Dans une déclaration rapportée par l’Agence congolaise de presse (ACP), le natif de Goma appelle à une véritable « décentralisation des activités artistiques, notamment du théâtre », afin de rapprocher la culture des populations et de lui redonner toute sa vitalité dans les cités.
Usage des langues nationales, un enjeu pour le théâtre congolais
À travers le théâtre dans les cités, Joël Vuningoma veut éveiller les consciences et dénoncer les maux qui rongent la société congolaise.
« Les crises communautaires, les discriminations ou encore les violences basées sur le genre doivent être abordées et comprises par toutes les couches de la population », explique-t-il dans l’émission Sosola Lelo.

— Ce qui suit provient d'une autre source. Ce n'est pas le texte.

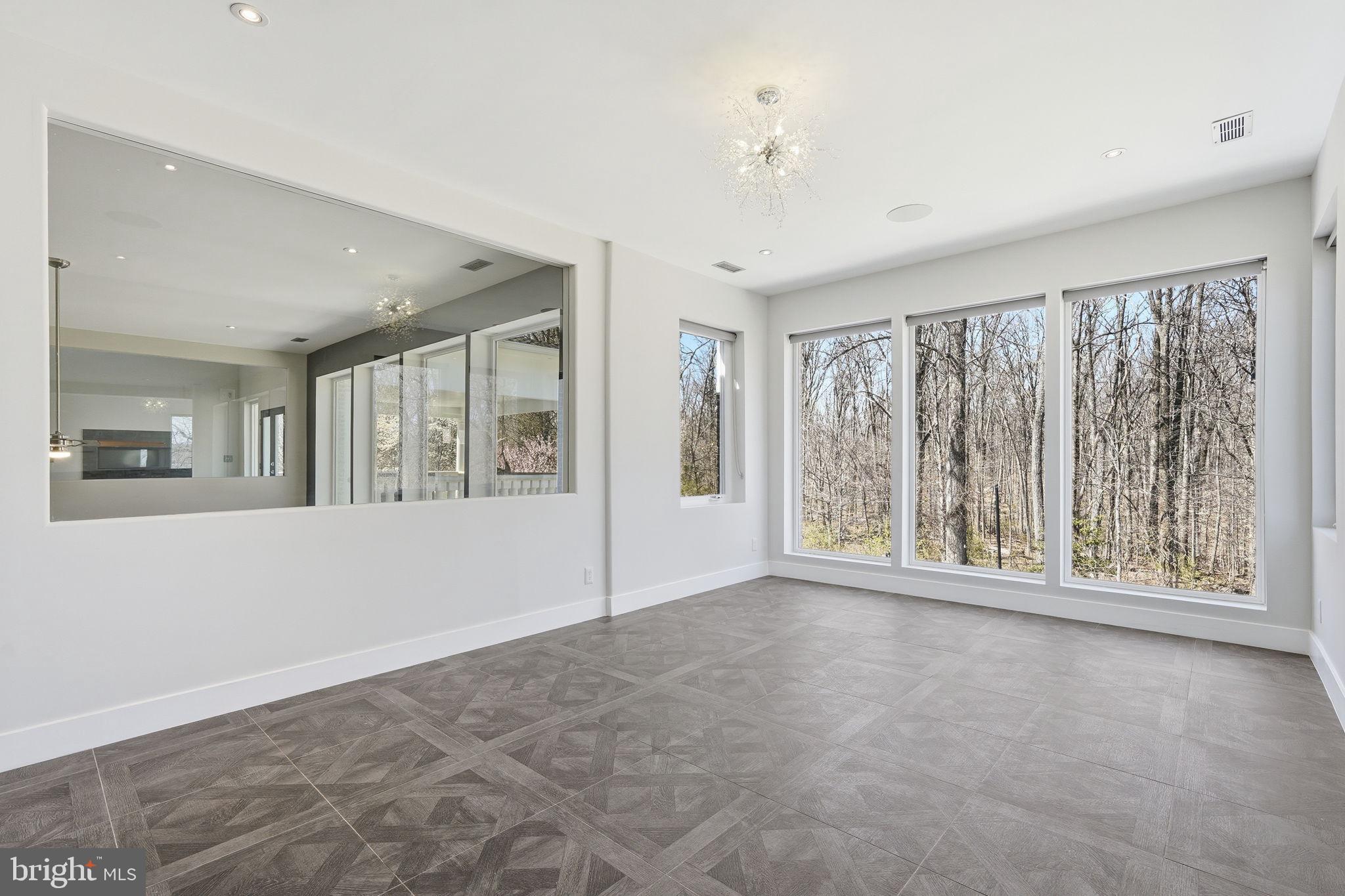 RESERVES AT PINECREST - Residential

Pour cet acteur engagé, la question de la langue est centrale. Il plaide pour une plus grande valorisation des langues nationales dans les créations théâtrales, considérées comme un pilier du patrimoine culturel congolais.
« Aujourd’hui, beaucoup d’artistes proposent leurs œuvres en français, en anglais ou même en chinois pour répondre aux attentes des centres culturels qui financent les projets », déplore-t-il.
Face à cette réalité, Joel Vuningoma appelle à un soutien accru aux œuvres produites en langues nationales, afin de préserver l’identité culturelle et de rapprocher le théâtre des populations.
Son plaidoyer s’adresse également aux décideurs, qu’il invite à investir dans des centres culturels de proximité, accessibles aux habitants des cités. L’objectif : permettre aux artistes de créer, jouer et transmettre leurs messages au cœur même des communautés.